The combinations are arranged after increasing intensity. Type E has been widely practised on the European continent, where vast tracts of heathland were developed mainly as a result of shifting cultivation. Possibly, the D-type has been less important; the use of »dry meadows« (Swedish: fastmarksang) and of degraded forests (Swedish: löväng) for leaf-fodder exemplifies this type. The archaelogical finds previously mentioned may support the idea of an old tradition for type D. Cropping-grazing combinations are probably the most common of all the types. Usually there is no sharp distinction between type C and D, as the C type often is established after an initial type E stage(s); the natural plant successions after shifting cultivaton usually provide good grazing, e.g. young heather is a fine fodder as well fresh as dried.
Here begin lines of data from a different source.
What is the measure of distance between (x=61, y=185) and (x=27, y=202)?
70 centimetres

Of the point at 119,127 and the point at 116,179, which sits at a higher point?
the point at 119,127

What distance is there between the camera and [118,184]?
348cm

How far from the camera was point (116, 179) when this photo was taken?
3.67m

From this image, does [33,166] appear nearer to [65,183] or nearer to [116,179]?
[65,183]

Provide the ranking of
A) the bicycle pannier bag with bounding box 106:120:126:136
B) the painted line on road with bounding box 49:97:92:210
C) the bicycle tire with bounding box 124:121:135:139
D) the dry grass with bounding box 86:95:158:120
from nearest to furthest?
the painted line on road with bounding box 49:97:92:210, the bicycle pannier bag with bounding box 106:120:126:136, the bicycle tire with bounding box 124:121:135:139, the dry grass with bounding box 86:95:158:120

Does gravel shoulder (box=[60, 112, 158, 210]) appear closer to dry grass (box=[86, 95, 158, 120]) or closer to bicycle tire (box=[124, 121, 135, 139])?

Type B seems especially important in the North Atlantic area, where cereal production is severely hampered by the humid and rather cold summer. Introduction of potato-growing sometimes turned the B type into type C even in areas of this category.

If the infield-outfield term is applied only to farming systems with livestock, type E is not a type of infield-outfield proper. The reason to include it here is that the succession of types makes it difficult to draw a line of separation between the two. They occur simultaneously within the same farm on different pieces of land. From a geographical point of view it is important, further, that the cultural landscapes resulting from the two types are almost identical, at least in some stages.

Among the most important characteristics of the
infield-outfield system is, that it is possible to establish it
at very low capital inputs. The system is usually found
within the sphere of pre-industrial agriculture.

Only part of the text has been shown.